» RECORD SET
========

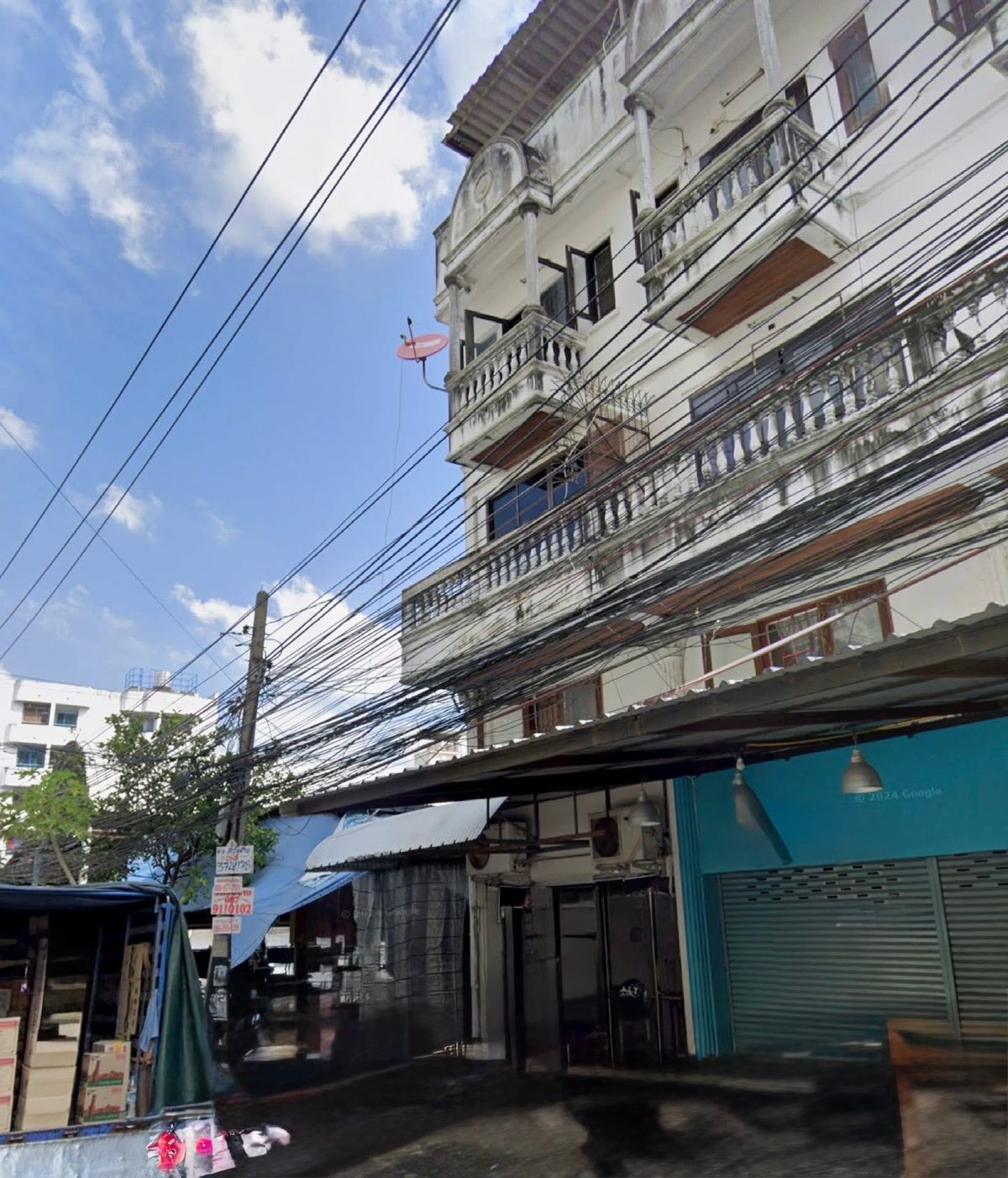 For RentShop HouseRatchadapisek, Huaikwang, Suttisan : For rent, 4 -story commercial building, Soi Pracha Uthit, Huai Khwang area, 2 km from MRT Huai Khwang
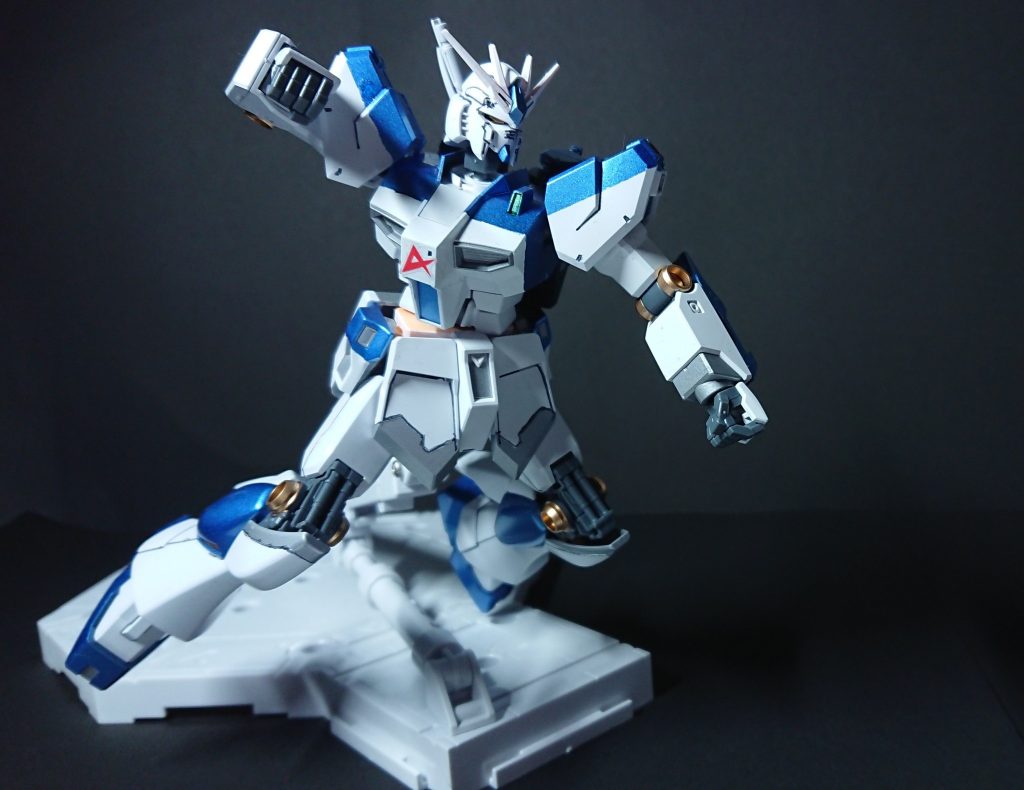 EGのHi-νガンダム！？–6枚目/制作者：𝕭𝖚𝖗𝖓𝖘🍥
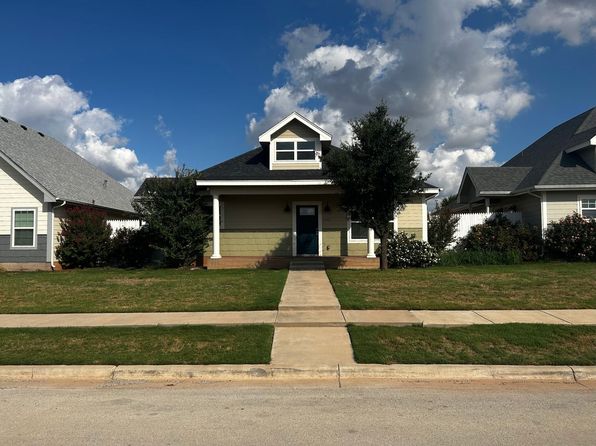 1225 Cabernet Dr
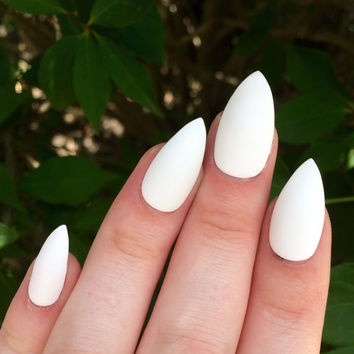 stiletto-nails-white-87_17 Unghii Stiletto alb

========

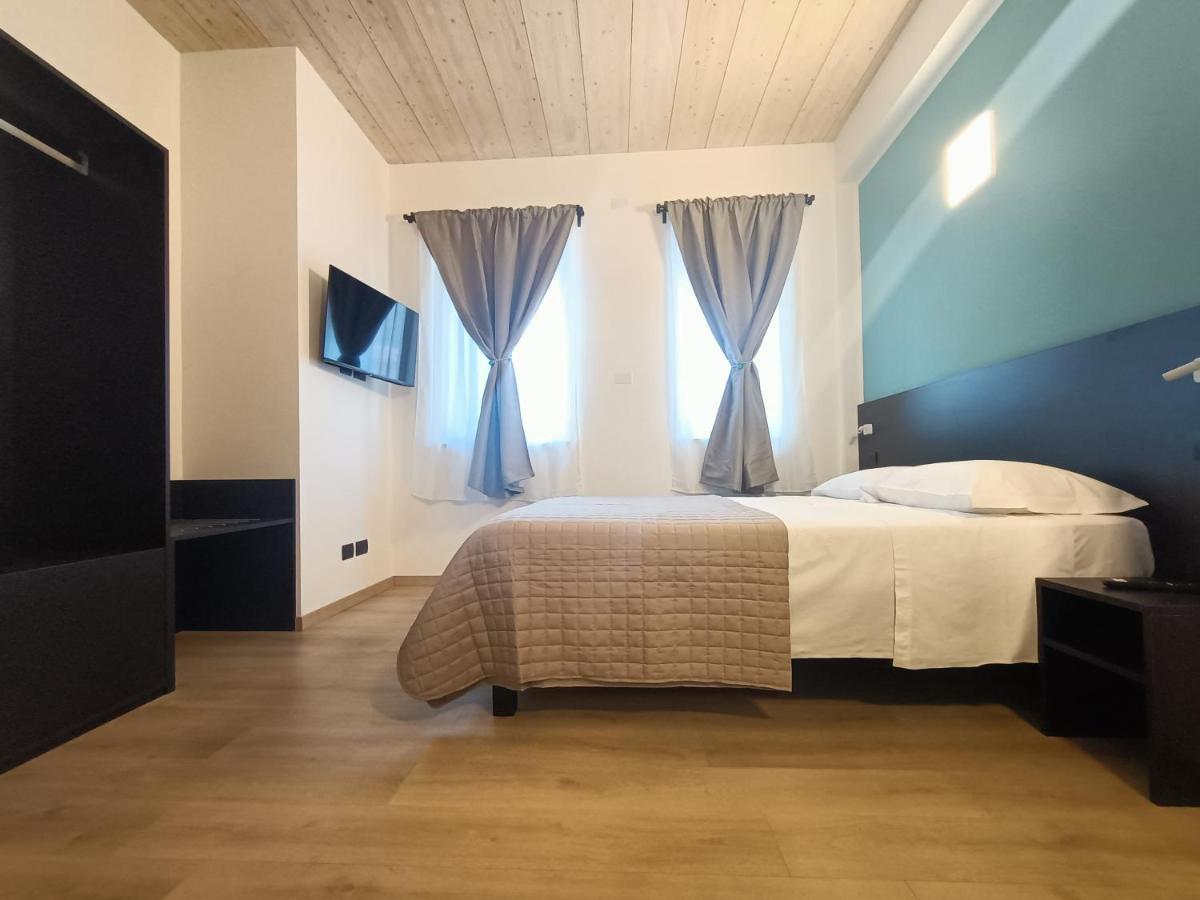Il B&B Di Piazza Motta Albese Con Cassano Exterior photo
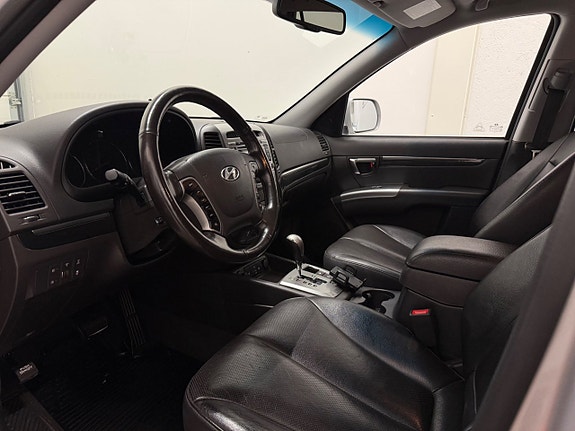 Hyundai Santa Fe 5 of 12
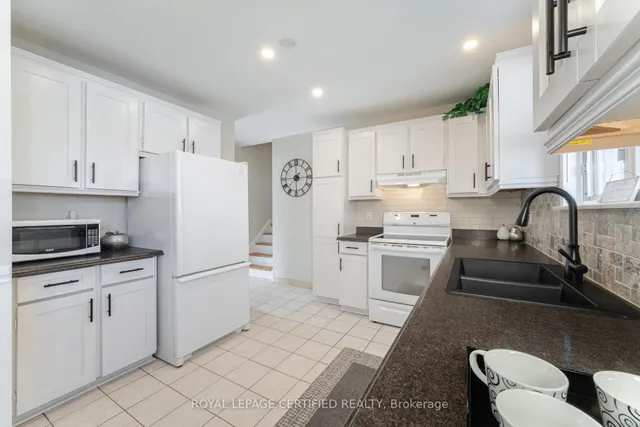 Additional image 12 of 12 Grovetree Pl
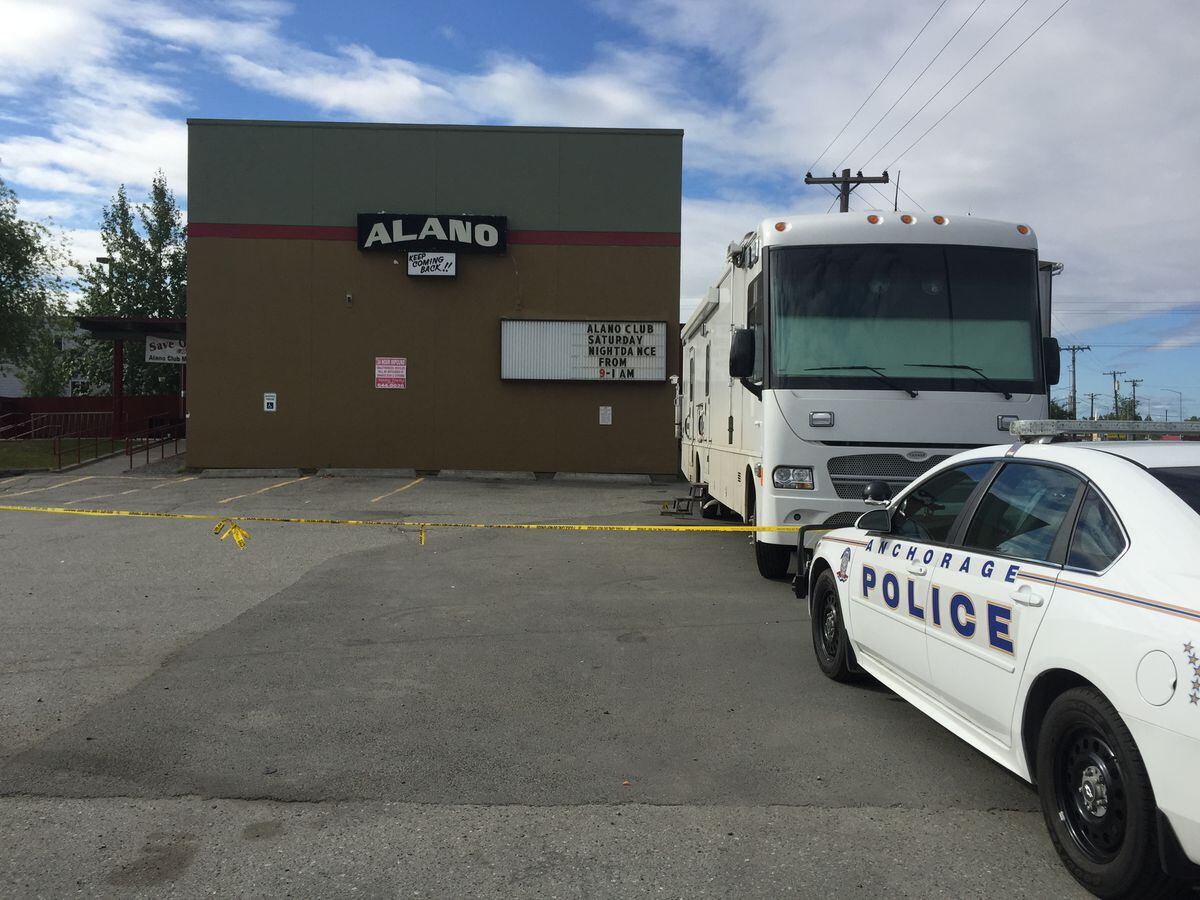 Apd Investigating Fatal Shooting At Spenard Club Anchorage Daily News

========

» YOUR INSTRUCTIONS
From the records above, output only the lines starting at the one containing "For RentShop HouseRatchadapisek, Huaikwang, Suttisan" and ending at the one containing "stiletto-nails-white-87_17 Unghii Stiletto", word for word. Pictures stay out.

» YOUR RESPONSE
 For RentShop HouseRatchadapisek, Huaikwang, Suttisan : For rent, 4 -story commercial building, Soi Pracha Uthit, Huai Khwang area, 2 km from MRT Huai Khwang
 EGのHi-νガンダム！？–6枚目/制作者：𝕭𝖚𝖗𝖓𝖘🍥
 1225 Cabernet Dr
 stiletto-nails-white-87_17 Unghii Stiletto alb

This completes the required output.